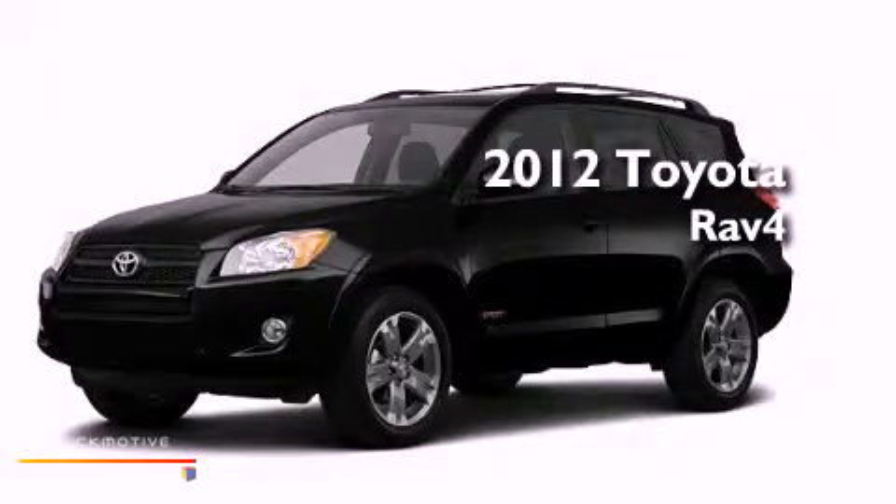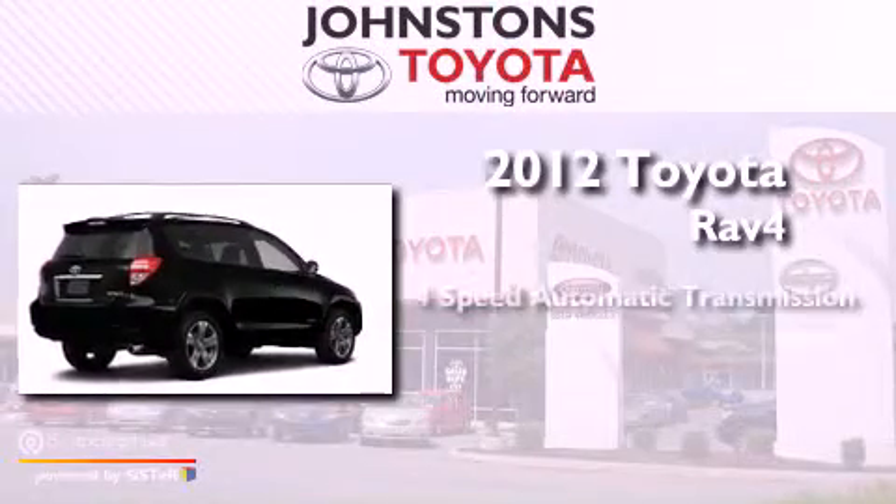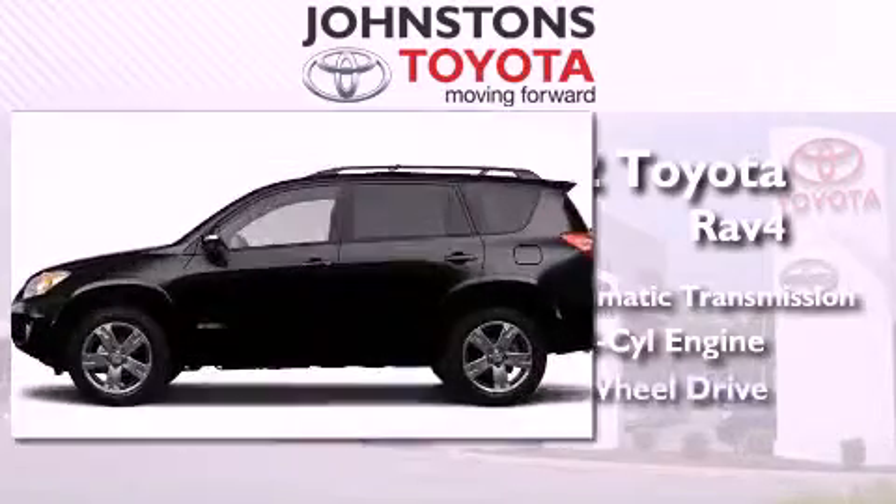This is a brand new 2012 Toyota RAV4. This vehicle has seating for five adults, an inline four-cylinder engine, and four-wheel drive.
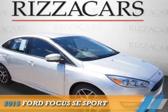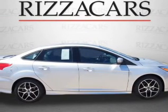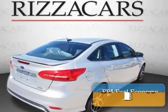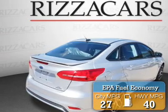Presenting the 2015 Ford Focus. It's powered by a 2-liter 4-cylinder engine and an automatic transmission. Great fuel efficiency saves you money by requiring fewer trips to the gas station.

--

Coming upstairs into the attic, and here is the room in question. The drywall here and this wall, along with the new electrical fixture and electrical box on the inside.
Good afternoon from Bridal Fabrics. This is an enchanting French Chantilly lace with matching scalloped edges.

_What the exercise asks_
Among the entries above, locate the line with "This is a brand" and the line with "Presenting the 2015". Give those two lines and all lines between them again, exactly, leaving out the pictures.

_Exercise output_
This is a brand new 2012 Toyota RAV4. This vehicle has seating for five adults, an inline four-cylinder engine, and four-wheel drive.
Presenting the 2015 Ford Focus. It's powered by a 2-liter 4-cylinder engine and an automatic transmission. Great fuel efficiency saves you money by requiring fewer trips to the gas station.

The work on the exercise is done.